/kafka-partition-availability-benchmark

This is a tool that loads Kafka up with producers and consumers that are intended to stay alive and measure how long it takes produce and consume messages

Primary LanguageJavaBSD 3-Clause "New" or "Revised" LicenseBSD-3-Clause

kafka-partition-availability-benchmark

This repository contains a Kafka partition stress test. The goal of it is to make it easier to validate changes to Kafka with respect how many concurrent replicated partitions it can support.

We want to ensure that our Kafka users have the following guarantees:

  1. Any topic or partition is available for consume or produce at any time
  2. Latencies are below certain SLAs for consume and produce
  3. Users can reset the consumer offset to beginning and reconsume at any time

Given that Kafka currently (as of 02/02/18) doesn't limit the number of topics you are allowed to created, this tool helped us answer, "how many topics and partitions can we place on our multitenant Kafka systems before things start going downhill?"

Building

This will create a runnable jar in the target directory called kafka_partition_availability_benchmark.jar:

mvn package

Configuration

You can see all configurable parameters in src/main/resources/kafka-partition-availability-benchmark.properties

The defaults are set to something you can run against a local single-broker installation of kafka. In most cases, you only probably need to set four things to put stress on a real test environment:

cat > ~/.kafka-partition-availability-benchmark.properties << EOF
kafka.replication.factor = 3
num_topics = 4000
num_concurrent_consumers = 4000
kafka.brokers = my_test_kafka:9092
EOF

Depending on how powerful your test runner host is, you might be able to bump up the number of topics past 4000. In our testing, 4000 was what an i3.2xlarge instance could bear before test results started to get skewed.

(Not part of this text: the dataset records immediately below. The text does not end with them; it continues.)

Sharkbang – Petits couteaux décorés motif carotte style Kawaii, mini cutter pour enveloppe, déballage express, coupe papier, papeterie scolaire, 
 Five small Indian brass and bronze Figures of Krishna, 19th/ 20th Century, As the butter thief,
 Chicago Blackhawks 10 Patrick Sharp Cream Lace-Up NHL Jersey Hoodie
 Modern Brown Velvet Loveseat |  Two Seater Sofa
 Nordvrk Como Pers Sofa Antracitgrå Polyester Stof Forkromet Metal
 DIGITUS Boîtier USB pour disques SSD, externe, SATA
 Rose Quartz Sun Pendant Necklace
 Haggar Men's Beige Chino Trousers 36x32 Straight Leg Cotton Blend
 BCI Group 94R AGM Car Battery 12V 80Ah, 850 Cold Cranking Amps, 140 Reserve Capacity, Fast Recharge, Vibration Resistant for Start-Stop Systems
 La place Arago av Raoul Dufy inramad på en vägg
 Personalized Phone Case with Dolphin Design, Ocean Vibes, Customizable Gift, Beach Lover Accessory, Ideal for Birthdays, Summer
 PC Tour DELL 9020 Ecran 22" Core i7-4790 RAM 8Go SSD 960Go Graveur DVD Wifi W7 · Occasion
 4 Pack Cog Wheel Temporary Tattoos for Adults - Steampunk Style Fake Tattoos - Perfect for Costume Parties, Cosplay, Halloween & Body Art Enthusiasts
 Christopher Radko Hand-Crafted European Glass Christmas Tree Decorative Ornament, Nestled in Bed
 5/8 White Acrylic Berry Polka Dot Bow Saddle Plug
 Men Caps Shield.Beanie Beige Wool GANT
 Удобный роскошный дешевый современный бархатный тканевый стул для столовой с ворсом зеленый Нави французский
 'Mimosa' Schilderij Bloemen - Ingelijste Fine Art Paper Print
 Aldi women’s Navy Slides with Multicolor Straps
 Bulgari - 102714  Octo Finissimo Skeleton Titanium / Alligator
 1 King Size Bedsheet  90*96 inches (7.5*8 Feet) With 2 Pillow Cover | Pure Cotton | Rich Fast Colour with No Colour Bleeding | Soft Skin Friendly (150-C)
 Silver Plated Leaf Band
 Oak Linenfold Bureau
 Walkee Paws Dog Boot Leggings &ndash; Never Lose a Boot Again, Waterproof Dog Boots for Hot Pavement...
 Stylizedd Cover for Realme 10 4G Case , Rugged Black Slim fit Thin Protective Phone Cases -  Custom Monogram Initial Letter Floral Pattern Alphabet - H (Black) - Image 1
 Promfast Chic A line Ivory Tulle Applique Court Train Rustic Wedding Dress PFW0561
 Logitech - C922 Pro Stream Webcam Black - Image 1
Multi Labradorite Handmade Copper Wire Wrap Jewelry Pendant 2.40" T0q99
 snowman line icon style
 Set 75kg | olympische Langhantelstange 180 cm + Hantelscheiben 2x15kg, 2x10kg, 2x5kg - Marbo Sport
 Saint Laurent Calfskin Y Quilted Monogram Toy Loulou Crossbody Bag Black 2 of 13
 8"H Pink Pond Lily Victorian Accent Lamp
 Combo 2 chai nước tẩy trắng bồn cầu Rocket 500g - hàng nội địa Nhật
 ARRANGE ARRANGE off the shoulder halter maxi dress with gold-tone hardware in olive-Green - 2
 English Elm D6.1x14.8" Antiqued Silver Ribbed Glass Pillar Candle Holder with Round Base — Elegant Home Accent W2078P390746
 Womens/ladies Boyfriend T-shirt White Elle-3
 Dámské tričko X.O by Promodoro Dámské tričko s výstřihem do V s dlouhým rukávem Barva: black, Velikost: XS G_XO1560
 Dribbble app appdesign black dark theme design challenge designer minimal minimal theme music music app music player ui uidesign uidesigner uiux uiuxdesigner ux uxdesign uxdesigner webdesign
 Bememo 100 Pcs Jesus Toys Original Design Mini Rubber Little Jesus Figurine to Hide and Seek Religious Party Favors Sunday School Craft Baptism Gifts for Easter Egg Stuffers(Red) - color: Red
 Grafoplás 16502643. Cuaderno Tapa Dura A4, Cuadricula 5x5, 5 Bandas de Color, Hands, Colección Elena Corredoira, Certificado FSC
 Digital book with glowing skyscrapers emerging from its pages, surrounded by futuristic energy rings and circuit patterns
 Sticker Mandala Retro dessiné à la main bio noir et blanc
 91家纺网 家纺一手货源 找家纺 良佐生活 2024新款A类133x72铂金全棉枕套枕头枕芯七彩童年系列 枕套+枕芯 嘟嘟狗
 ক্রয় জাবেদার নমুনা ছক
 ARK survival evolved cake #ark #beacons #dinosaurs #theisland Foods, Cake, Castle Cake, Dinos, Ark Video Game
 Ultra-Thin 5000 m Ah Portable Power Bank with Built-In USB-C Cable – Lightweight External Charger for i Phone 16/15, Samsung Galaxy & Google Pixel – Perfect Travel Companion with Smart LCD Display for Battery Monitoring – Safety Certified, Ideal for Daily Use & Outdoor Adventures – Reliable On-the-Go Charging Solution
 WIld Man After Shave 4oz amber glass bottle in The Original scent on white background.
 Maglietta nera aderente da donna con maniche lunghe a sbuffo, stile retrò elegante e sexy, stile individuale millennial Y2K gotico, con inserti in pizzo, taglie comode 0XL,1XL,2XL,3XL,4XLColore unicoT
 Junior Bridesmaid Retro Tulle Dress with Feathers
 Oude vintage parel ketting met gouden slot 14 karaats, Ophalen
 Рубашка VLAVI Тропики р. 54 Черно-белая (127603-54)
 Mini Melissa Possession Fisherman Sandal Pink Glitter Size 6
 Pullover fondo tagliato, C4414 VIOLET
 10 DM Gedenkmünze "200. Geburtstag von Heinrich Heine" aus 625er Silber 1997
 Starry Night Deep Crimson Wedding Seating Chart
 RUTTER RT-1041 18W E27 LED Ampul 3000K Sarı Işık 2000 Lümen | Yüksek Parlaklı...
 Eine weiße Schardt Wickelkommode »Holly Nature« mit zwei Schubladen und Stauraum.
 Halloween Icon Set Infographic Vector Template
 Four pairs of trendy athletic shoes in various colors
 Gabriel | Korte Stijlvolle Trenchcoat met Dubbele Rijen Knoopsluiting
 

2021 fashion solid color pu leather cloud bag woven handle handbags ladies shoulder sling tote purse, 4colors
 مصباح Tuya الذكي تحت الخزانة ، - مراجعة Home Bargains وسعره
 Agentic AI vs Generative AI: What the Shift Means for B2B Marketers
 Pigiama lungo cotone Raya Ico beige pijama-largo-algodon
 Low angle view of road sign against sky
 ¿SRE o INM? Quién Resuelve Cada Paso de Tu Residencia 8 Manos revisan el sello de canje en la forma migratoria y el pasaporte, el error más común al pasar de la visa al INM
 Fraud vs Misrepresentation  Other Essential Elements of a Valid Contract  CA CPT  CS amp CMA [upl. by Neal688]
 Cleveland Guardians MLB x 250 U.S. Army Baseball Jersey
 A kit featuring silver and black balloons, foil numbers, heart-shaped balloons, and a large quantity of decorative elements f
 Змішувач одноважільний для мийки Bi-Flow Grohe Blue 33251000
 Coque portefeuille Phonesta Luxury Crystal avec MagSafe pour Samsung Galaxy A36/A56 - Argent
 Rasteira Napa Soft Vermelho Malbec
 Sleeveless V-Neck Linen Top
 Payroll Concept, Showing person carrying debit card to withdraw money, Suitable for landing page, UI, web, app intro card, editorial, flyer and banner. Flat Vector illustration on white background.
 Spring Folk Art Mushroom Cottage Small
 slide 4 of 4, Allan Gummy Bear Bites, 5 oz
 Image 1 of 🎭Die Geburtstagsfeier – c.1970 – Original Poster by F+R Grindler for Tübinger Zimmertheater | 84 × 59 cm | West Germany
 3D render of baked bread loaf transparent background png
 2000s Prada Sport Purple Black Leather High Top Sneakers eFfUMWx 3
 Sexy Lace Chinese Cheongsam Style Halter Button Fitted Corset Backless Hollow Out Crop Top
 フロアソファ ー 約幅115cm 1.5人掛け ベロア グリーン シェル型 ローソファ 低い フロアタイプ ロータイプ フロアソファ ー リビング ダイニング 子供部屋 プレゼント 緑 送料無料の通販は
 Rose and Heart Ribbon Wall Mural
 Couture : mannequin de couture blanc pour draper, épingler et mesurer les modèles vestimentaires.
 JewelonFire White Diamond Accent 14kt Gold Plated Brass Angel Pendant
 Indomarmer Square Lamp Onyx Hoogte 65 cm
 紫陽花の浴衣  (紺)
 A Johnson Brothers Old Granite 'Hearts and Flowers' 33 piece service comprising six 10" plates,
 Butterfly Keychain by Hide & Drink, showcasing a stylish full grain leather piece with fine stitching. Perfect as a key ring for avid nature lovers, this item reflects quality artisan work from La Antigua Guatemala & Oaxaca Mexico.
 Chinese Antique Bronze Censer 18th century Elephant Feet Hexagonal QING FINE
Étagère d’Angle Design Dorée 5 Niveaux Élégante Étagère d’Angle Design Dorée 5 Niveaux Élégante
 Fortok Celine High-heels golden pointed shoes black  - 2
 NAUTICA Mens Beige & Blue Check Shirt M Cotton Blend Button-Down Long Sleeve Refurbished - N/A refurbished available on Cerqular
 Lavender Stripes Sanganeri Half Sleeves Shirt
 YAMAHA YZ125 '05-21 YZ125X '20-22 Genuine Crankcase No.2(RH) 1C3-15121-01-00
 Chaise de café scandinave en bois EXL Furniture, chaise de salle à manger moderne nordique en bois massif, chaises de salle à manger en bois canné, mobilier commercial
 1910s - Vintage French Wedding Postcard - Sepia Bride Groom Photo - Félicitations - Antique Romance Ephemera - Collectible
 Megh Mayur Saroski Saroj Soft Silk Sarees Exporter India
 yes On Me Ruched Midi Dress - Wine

To get past 4000 topics, we ran this tool on multiple test runners. We recommend setting the default topic prefix to something unique per test runner by doing something like this:

echo "default_topic_prefix = `hostname`" >> ~/.kafka-partition-availability-benchmark.properties

Measuring produce and consume at the same time

By default, the benchmark will only produce one message per partition and re-consume that messages every second. To test produce continuously in the same fashion and not rely on re-consuming the same messages, set the following configuration options:

cat > ~/.kafka-partition-availability-benchmark.properties << EOF
keep_producing = true
EOF

Running

You can use your favorite configuration management tool such as Ansible to make the below more elegant. From a central host you can do something like this:

for test_runner in ${test_runners}; do
    rsync ~/.kafka-partition-availability-benchmark.properties target/kafka_partition_availability_benchmark.jar ${test_runner}:
    ssh ${test_runner} 'echo "default_topic_prefix = `hostname`" >> ~/.kafka-partition-availability-benchmark.properties'
    ssh ${test_runner} 'nohup java -jar kafka_partition_availability_benchmark.jar &> kafka_partition_availability_benchmark.log &';
    ssh ${test_runner} 'for pr in `pgrep -f kafka_partition_availability_benchmark`; do sudo prlimit -n50000:50000 -p $pr; done';
done